*What to do*:
Print each line exactly, from the one with "Elefante de Latón" to the very last line of the listing, and keep the pictures out.

*Data for this task*:
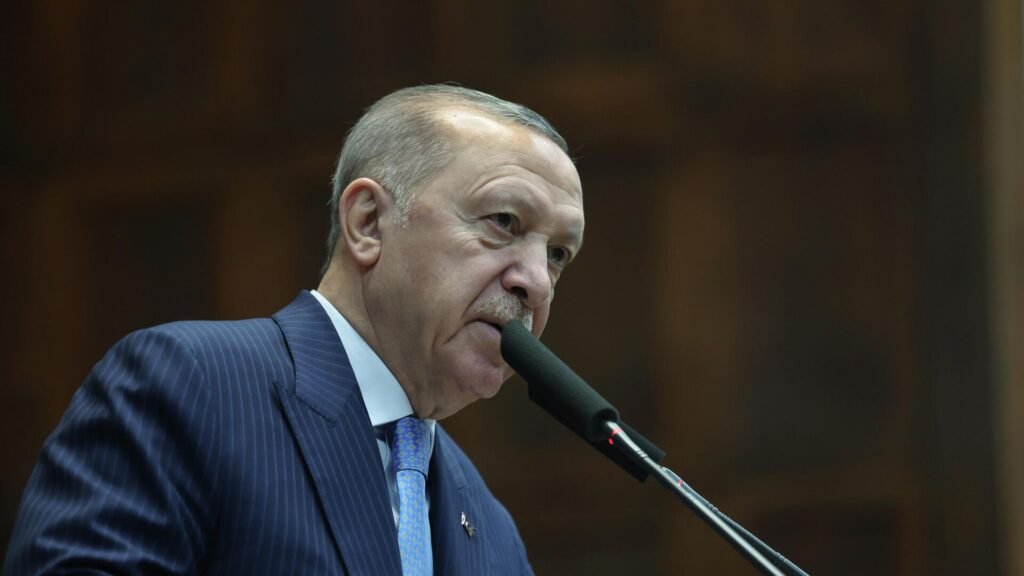 Erdoğan’dan CHP’ye eleştiri: ‘Mahkemeler üzerinde baskı kurmaya çalışmak yargıdan korkanların başvuracağı yöntemdir’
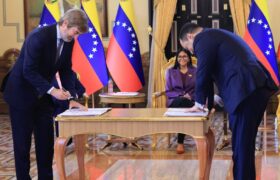 PDVSA y Repsol firman Memorando de Entendimiento en materia de crudo y gas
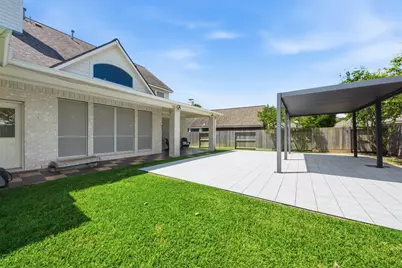 12306 Shady Downs Drive, Houston, TX 77082 - Photo 39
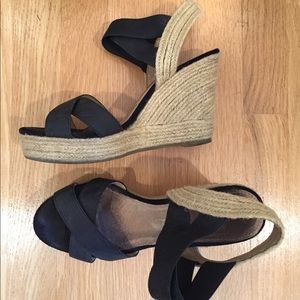 Black/beige wedges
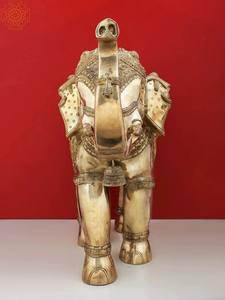 Elefante de Latón de 25 Pulgadas, Bellamente Hecho a Mano, con Detalles Intrincados Grabados, Elegante Estilo Art Deco Antiguo, Entrega Rápida - Product Image 3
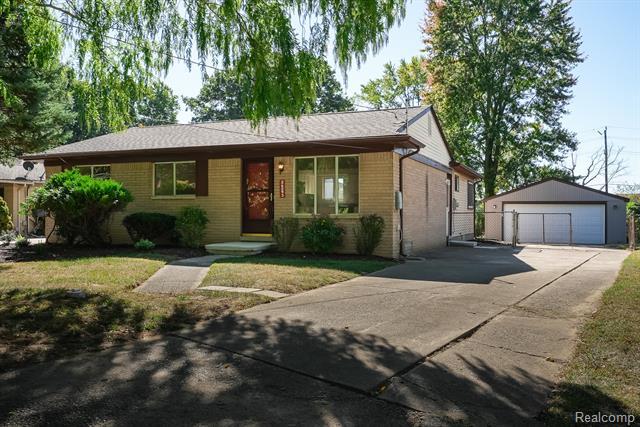 front view picture of 26293 Shiawassee Rd, Southfield, MI. 48033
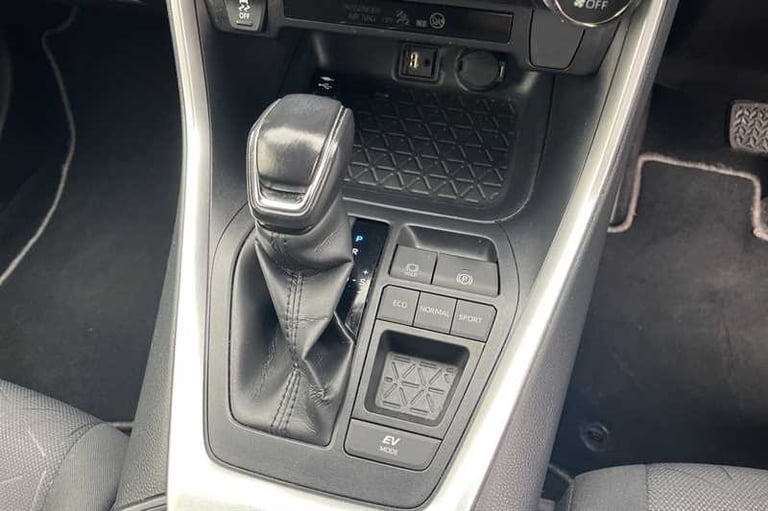 2019 Toyota RAV4 2.5 VVT-h Design SUV 5dr Petrol Hybrid CVT Euro 6 (s/s) (218 ps) SUV Hybrid Auto...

*Completed task*:
 Elefante de Latón de 25 Pulgadas, Bellamente Hecho a Mano, con Detalles Intrincados Grabados, Elegante Estilo Art Deco Antiguo, Entrega Rápida - Product Image 3
 front view picture of 26293 Shiawassee Rd, Southfield, MI. 48033
 2019 Toyota RAV4 2.5 VVT-h Design SUV 5dr Petrol Hybrid CVT Euro 6 (s/s) (218 ps) SUV Hybrid Auto...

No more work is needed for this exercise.